Instructions for the task — Using the records that appear below, write out exactly the lines from the one with "Feine Streifen Schlafanzug-Set" through the one with "Gorleston kikötője, a", keeping both end lines.

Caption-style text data
::::::

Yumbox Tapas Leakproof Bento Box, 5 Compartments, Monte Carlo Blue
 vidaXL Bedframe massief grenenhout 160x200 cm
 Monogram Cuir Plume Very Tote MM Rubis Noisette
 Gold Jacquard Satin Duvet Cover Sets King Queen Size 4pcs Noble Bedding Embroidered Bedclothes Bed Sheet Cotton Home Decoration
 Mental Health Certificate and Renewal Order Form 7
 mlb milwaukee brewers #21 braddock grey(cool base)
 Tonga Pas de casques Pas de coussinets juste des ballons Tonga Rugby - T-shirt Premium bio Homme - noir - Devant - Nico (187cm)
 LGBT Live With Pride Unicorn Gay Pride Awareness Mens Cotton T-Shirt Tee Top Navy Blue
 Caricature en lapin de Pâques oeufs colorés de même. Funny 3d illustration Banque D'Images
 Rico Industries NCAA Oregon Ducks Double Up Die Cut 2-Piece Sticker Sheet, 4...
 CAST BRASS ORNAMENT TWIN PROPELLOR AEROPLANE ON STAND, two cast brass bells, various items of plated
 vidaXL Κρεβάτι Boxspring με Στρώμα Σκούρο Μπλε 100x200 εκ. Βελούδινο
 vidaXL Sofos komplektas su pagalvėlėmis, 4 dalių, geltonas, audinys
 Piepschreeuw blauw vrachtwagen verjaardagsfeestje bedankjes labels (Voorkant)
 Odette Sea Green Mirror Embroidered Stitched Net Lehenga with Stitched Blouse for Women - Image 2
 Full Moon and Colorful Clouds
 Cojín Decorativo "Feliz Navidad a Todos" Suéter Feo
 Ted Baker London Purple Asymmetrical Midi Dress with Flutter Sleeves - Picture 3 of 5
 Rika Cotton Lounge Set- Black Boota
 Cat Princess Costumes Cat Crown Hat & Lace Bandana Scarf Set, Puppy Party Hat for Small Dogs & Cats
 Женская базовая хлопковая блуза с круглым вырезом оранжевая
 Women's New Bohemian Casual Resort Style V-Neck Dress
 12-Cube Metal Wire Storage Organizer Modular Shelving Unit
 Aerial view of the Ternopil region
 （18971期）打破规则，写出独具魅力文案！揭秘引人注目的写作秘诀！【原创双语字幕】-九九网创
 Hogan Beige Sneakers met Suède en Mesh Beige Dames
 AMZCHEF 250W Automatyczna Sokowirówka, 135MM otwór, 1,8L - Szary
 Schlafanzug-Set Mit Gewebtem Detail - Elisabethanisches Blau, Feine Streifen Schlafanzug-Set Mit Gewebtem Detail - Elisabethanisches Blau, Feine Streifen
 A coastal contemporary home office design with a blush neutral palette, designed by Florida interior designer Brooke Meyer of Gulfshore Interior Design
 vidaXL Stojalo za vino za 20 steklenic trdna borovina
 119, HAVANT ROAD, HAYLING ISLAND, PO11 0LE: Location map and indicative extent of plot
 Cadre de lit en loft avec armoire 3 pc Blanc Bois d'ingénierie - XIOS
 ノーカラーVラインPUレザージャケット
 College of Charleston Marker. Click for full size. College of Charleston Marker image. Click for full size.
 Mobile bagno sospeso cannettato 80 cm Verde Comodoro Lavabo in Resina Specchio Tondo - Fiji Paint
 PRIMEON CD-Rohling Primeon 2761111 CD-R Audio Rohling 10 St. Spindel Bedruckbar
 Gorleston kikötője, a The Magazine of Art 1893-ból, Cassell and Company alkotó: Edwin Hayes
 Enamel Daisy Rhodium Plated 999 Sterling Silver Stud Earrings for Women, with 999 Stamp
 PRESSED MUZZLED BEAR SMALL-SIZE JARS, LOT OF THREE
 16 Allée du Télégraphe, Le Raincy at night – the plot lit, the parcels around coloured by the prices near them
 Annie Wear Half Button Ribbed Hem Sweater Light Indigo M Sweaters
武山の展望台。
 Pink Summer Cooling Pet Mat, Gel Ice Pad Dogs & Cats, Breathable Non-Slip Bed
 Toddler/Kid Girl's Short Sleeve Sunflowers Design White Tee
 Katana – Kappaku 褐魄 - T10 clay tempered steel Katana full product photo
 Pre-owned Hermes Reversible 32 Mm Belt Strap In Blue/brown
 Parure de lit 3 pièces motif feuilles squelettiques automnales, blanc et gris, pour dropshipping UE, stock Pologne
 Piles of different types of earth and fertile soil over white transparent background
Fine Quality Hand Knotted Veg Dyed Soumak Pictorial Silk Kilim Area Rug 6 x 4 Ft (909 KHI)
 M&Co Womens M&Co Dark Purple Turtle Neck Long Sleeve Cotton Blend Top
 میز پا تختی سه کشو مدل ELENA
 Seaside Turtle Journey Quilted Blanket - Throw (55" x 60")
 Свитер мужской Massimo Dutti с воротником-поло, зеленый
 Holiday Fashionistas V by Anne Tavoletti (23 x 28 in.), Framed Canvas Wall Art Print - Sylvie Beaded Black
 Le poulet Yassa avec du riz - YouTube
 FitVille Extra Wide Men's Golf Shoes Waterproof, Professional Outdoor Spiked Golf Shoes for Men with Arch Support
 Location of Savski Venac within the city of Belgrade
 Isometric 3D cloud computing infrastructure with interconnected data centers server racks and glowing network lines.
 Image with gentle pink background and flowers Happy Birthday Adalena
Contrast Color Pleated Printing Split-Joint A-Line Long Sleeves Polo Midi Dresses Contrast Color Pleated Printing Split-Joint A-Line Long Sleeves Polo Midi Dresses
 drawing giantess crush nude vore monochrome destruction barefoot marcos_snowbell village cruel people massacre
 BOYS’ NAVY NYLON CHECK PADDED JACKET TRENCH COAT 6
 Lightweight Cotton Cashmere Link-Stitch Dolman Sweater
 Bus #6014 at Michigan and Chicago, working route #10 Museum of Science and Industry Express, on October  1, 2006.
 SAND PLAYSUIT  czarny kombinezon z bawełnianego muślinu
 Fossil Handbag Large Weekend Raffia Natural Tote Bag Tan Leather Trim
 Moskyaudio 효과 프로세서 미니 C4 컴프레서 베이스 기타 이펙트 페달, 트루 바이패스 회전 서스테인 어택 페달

::::::

Task solution —
 Schlafanzug-Set Mit Gewebtem Detail - Elisabethanisches Blau, Feine Streifen Schlafanzug-Set Mit Gewebtem Detail - Elisabethanisches Blau, Feine Streifen
 A coastal contemporary home office design with a blush neutral palette, designed by Florida interior designer Brooke Meyer of Gulfshore Interior Design
 vidaXL Stojalo za vino za 20 steklenic trdna borovina
 119, HAVANT ROAD, HAYLING ISLAND, PO11 0LE: Location map and indicative extent of plot
 Cadre de lit en loft avec armoire 3 pc Blanc Bois d'ingénierie - XIOS
 ノーカラーVラインPUレザージャケット
 College of Charleston Marker. Click for full size. College of Charleston Marker image. Click for full size.
 Mobile bagno sospeso cannettato 80 cm Verde Comodoro Lavabo in Resina Specchio Tondo - Fiji Paint
 PRIMEON CD-Rohling Primeon 2761111 CD-R Audio Rohling 10 St. Spindel Bedruckbar
 Gorleston kikötője, a The Magazine of Art 1893-ból, Cassell and Company alkotó: Edwin Hayes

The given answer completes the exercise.